Using a Mann-Whitney U test, there was no significant difference in LOS between those patients with or without an overlap of at least 60 minutes. Similarly, an independent t test did not show a significant difference in time to transfer order to floor between patients with or without an overlap of at least 60 minutes.

MICA was the only unit that averaged an overlap between insulin infusion and subcutaneous insulin. The ICU and other units averaged no overlap, with the infusion stopping before the subcutaneous insulin was started. The overlap in MICA was 54.4 minutes (SD = 170.3), ICU -25.5 minutes (SD = 137.3), and other units -88.8 minutes (SD = 203.1). Positive numbers indicate an overlap, whereas negative number indicated a gap between the stopping of infusion and starting of subcutaneous insulin. Results indicated no significant difference in length of overlap between any of the units.

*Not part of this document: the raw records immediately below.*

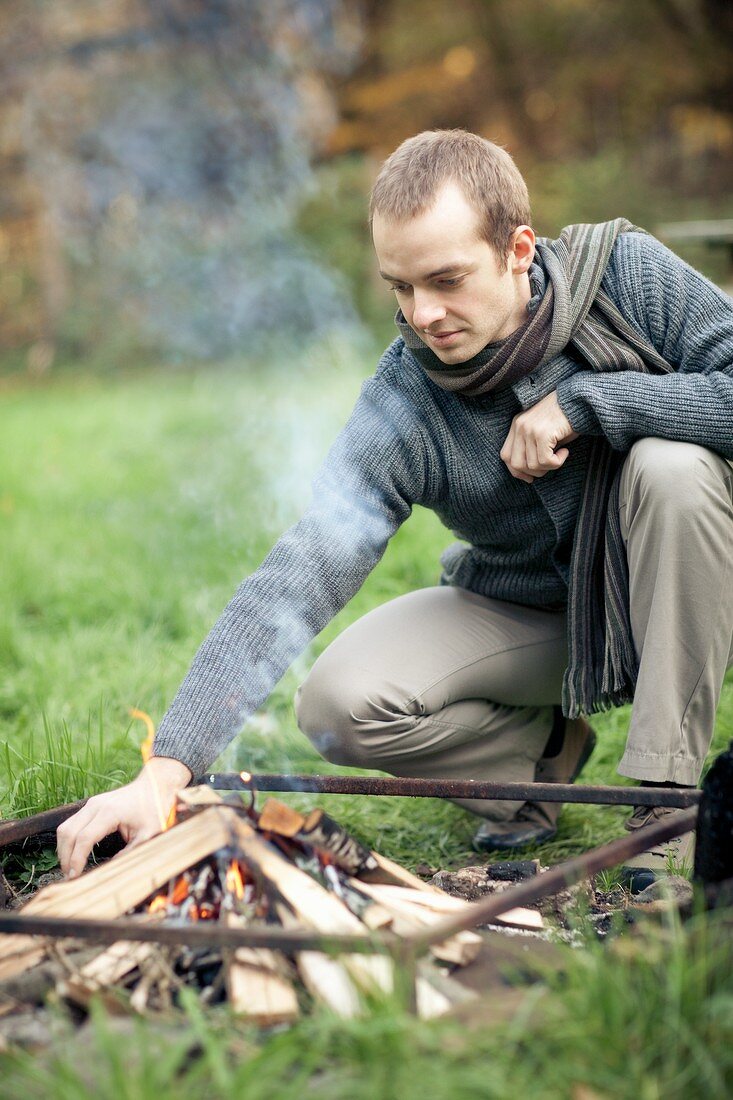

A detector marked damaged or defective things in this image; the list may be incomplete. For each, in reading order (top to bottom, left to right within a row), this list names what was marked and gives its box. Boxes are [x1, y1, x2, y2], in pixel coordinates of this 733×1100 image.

rusty metal bar [198, 770, 695, 814]
rusty metal bar [405, 805, 695, 950]
rusty metal bar [0, 910, 396, 954] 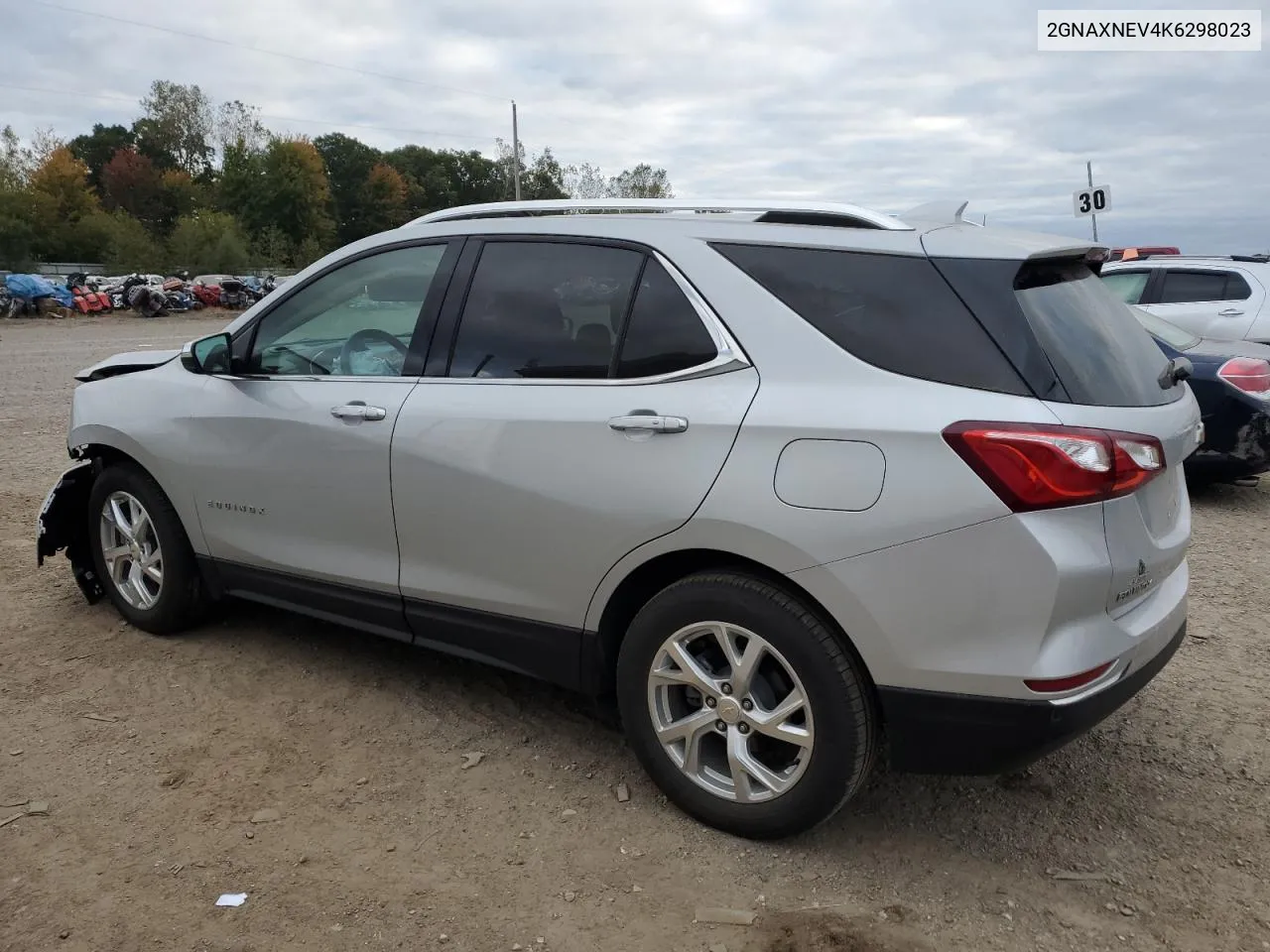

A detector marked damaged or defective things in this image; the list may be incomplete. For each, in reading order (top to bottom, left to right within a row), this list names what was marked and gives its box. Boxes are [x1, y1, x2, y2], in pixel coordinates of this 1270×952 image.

damaged front bumper [37, 459, 104, 604]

A cross-tabulation analysis with [chi]2 test was used to compare admission unit with the presence or absence of an overlap of at least 60 minutes. The relationship was not significant, indicating that admission unit was not significantly predictive of overlap 60 minutes or more. In MICA, 48.1% of patients had an overlap of the recommended length, whereas in ICU, only 20% and in other units 15.4% met this recommendation.

A cross-tabulation analysis with [chi]2 test was used to examine the relationship between presence/absence of protocol and presence/absence of overlap 60 minutes or more. However, with n = 50, only 2 cases (4%) had an overlap 60 minutes or more and did not have the protocol ordered, whereas 48% were ordered the protocol and did not have an overlap 60 minutes or more. No statistically significant relationship was found between admission unit and whether or not the insulin infusion protocol was ordered.

There was a positive correlation between the length of time before insulin infusion started (206.9 ± 165.9 minutes) and the length of time before the anion gap resolved (13.2 ± 6.7 hours), r = 0.43, P = .001. There was a nonsignificant positive correlation between the length of time before insulin infusion was started and LOS (76.7 ± 44.7 hours), r = 0.13, P = .34.

The total time that a patient was on an insulin infusion was a mean of 19.6 (SD = 21.4) hours. There were only 3 cases in which the infusion was stopped and restarted before resolution of the anion gap.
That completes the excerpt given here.